De leden van de PvdD-fractie willen graag weten waarom ervoor is gekozen om eventuele aanpassingen van het ontwikkelkader alleen in de ministerraad te bespreken. Zij zouden graag zien dat de Kamer zich uit kan spreken over de randvoorwaarden voor TenneT en de exploitatie van de windparken. Wind op Zee gaat namelijk over meer dan alleen energie opwekken, ook de invloed op de natuur en waterecologie verdient constante aandacht en monitoring. De leden van de PvdD-fractie achten het daarom wenselijk dat de Kamer invloed houdt op de wijziging van ontwikkelkaders. Graag een reactie.
De leden van de PVV-fractie constateren dat de regering stelt dat het dichter op elkaar brengen van de tenders de concurrentie vermindert. Kan de regering dit onderbouwen? Waarom zouden bepaalde bedrijven wel een bod uitbrengen indien de tenders verder uit elkaar liggen? Kan de regering aangeven wat de consequentie is indien de Europese 14% doelstelling niet wordt gehaald? Kunnen er dan financiële sancties volgen en zo ja wat is de geschatte omvang hiervan?
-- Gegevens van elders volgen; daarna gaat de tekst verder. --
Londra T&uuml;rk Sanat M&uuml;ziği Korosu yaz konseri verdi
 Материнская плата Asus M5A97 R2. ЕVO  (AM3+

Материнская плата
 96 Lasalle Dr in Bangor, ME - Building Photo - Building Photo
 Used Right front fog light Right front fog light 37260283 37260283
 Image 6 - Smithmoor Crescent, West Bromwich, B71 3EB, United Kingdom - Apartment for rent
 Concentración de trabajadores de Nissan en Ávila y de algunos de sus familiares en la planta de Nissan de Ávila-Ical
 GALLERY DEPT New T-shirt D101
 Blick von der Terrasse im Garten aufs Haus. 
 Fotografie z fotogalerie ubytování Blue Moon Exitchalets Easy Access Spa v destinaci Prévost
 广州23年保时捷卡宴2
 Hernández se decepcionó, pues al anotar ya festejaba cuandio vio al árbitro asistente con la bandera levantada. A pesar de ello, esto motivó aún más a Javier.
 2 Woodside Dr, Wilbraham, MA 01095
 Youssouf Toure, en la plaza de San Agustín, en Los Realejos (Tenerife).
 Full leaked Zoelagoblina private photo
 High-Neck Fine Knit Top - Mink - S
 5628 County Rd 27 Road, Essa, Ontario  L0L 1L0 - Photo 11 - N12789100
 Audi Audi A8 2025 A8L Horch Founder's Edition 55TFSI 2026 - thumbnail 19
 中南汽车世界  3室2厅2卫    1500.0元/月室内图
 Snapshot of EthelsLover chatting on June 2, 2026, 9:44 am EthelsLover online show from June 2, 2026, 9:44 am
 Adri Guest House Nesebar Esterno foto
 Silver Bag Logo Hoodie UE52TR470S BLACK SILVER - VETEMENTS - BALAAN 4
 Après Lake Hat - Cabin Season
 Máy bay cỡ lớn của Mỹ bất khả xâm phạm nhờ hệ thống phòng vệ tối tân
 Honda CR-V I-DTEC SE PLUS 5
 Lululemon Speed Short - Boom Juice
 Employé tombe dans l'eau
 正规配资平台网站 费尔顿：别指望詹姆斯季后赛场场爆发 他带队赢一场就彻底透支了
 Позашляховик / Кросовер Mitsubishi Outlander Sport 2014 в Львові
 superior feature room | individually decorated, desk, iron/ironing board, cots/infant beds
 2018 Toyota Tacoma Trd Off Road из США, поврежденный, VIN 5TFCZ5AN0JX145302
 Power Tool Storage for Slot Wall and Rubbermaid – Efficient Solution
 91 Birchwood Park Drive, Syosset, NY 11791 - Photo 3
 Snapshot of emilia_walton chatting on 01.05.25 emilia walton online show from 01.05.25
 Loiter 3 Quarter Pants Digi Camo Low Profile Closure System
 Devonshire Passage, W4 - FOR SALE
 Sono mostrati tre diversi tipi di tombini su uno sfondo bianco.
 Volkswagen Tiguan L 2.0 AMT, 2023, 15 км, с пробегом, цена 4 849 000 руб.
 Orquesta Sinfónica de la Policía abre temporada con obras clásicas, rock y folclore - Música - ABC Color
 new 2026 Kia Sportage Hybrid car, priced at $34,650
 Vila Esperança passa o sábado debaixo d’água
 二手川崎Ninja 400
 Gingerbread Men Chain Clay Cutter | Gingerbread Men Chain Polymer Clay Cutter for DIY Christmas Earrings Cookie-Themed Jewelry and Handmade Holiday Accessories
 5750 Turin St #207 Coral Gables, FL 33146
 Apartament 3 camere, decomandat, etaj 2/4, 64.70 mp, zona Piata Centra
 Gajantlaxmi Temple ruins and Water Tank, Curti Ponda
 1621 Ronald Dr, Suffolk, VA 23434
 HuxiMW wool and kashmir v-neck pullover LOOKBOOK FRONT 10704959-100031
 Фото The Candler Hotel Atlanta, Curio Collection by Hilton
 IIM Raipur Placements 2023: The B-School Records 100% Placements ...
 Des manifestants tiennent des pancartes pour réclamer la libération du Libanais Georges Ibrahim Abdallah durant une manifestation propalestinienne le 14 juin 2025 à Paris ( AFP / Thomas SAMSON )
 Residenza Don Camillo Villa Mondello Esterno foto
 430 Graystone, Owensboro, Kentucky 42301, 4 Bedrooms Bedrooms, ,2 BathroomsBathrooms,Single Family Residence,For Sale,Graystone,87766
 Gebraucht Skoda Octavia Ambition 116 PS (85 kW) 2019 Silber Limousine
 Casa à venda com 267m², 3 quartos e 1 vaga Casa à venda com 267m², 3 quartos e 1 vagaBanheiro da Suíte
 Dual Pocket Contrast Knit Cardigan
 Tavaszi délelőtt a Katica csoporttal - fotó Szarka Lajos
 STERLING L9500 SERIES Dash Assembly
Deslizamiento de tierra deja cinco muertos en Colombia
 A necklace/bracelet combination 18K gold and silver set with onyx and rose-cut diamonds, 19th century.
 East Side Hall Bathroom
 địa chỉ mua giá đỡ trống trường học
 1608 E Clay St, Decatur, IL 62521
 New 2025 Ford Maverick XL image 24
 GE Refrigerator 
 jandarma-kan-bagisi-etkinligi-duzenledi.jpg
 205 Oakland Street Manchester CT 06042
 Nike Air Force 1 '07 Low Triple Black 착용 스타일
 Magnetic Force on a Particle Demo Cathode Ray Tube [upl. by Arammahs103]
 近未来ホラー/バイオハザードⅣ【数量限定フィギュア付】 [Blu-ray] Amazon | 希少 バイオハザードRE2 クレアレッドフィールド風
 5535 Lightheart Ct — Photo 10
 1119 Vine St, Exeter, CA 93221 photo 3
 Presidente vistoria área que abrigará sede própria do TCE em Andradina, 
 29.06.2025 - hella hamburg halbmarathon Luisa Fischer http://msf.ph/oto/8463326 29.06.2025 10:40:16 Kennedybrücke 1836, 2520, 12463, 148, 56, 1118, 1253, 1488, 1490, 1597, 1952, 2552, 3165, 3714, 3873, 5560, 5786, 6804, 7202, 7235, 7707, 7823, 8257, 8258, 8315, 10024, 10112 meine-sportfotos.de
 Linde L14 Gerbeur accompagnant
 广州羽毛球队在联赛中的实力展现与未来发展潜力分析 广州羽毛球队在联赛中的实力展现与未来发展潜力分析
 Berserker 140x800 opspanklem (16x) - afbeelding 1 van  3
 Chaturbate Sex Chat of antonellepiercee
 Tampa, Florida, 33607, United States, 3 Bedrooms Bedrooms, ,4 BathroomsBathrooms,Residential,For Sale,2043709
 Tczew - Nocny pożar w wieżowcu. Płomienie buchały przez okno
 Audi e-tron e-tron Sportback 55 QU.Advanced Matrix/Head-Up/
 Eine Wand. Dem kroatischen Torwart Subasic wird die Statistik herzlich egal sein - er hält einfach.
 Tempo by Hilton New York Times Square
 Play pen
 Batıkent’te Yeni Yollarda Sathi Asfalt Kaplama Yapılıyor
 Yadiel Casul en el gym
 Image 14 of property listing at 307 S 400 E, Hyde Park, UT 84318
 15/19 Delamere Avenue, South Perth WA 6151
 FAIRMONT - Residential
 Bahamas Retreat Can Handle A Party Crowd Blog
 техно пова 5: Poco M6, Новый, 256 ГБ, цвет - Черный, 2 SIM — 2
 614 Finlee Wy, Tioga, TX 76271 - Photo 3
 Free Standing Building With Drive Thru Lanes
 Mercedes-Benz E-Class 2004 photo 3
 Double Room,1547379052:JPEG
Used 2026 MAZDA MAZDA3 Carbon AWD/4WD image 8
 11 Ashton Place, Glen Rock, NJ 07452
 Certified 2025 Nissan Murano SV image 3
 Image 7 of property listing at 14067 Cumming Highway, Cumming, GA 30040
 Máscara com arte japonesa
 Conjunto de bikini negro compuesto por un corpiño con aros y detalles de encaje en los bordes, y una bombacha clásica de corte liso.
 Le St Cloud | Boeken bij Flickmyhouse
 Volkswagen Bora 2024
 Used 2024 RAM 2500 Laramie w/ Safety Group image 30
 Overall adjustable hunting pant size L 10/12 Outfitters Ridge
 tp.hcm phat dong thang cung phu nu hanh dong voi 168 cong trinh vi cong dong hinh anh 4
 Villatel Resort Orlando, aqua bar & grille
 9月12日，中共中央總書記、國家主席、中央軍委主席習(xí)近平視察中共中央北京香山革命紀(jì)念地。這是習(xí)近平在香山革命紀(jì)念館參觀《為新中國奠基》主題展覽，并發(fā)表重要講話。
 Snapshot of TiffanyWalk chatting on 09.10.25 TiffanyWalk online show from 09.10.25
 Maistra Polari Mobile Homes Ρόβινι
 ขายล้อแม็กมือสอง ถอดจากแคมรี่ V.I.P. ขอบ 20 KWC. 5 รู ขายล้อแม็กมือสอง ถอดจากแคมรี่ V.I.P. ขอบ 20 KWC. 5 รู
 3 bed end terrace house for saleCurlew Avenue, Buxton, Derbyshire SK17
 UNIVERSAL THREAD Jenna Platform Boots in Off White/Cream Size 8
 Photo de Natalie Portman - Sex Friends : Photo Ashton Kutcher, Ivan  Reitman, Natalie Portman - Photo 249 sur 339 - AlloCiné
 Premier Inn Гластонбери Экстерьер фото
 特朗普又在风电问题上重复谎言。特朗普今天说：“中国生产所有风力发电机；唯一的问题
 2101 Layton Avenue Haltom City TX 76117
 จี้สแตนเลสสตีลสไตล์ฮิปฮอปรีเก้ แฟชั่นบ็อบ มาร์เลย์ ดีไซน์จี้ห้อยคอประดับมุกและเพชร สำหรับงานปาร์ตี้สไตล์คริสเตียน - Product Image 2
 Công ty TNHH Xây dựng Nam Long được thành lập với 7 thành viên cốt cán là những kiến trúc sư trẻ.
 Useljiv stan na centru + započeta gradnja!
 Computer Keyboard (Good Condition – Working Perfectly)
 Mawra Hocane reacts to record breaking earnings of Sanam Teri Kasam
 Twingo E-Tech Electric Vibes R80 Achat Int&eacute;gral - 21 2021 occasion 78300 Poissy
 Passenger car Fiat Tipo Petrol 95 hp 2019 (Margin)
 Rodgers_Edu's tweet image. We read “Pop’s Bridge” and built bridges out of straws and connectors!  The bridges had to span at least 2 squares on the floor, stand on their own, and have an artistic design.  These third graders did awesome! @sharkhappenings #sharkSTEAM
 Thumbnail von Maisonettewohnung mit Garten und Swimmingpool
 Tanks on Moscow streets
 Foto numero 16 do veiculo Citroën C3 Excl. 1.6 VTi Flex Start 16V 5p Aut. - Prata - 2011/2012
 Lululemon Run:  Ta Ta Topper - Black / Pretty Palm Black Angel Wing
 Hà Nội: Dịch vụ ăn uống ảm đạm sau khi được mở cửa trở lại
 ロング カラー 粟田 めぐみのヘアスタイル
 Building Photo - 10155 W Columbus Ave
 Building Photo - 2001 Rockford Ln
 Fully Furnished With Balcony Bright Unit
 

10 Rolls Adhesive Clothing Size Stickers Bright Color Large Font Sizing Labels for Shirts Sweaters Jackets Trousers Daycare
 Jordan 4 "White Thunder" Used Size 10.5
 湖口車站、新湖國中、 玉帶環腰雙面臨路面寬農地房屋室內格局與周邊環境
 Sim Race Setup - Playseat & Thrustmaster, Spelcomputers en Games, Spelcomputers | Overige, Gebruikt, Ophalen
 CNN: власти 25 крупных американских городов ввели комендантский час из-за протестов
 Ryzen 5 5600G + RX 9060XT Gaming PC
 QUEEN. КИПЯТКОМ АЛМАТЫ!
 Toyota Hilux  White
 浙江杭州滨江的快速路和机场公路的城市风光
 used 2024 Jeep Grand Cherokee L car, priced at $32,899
De leden van de CDA fractie blijven vragen houden over de kostenreductie die wordt bereikt door de aanwijzing van TenneT als netbeheerder op zee. Uit de brief van 22 juli 2015 (TK 33 561, nr. 21) komt naar voren dat bij een gemiddeld park van 15 cent per kWh wordt uitgegaan van kosten voor aansluiting van 2,5 cent per kWh en een reductie van die kosten naar 1,5 cent per kWh. Deze leden vragen of bij een lagere prijs dan 15 cent per kWh, waarop de tenders zullen inzetten, uitgegaan zal worden van een lagere aansluitingskosten dan 2,5 cent per kWh en hoe dan toch de reductie van 40% op de kosten bereikt kan worden. De leden van de CDA-fractie vragen hoe de afschrijvingsperiode voor TenneT van 20 jaar zich verhoudt met de subsidieperiode van de SDE+ van 15 jaar? Waarom wordt afgeweken van de subsidieperiode van 15 jaar? Is het zeker dat de windparken nog functioneel zijn na de subsidieperiode van 15 jaar? Zo nee, waarom dan nog vijf jaar afschrijven terwijl de parken mogelijk niet meer functioneren? Wat zouden de aansluitkosten voor windenergie op zee zouden zijn zonder de beoogde kostenreductie door TenneT? Deze leden vragen daarnaast hoeveel de beoogde reductie van de aansluitingskosten door TenneT in totaal bedraagt en hoe deze berekening eruit ziet. Hoe wordt onderscheid gemaakt in de prijsreductie door het aanleggen van grotere windparken dichter bij de kust en de kostenreducties door TenneT? Hoeveel bedraagt de kostenreductie door het aanleggen van grotere parken dichter bij de kust? Is het waar dat de kostenvoordeel door het aanwijzen van een goedkopere locatie niet toegewezen kan worden aan TenneT, noch aan de eigenaar van een windenergiepark? Zo ja, hoe wordt ervoor gezorgd dat deze kostenreductie geen onderdeel is van de kostenreductie van TenneT of eigenaars van een windpark op zee? De leden van de CDA-fractie vragen om inzichtelijk te maken hoe de kostenreductie van 0,425 cent per kWh per jaar voor windparkeigenaren leidt tot € 4 miljard lagere subsidiekosten. Wordt er in de huidige plannen voor windparken op zee rekening gehouden wordt met het gebruik van windmolens van 8 MW? Zo ja, welk kosten reducerend effect heeft dit en welk effect zou dit hebben voor kustgemeenten indien deze windmolens binnen de 12 mijlszone komen te staan?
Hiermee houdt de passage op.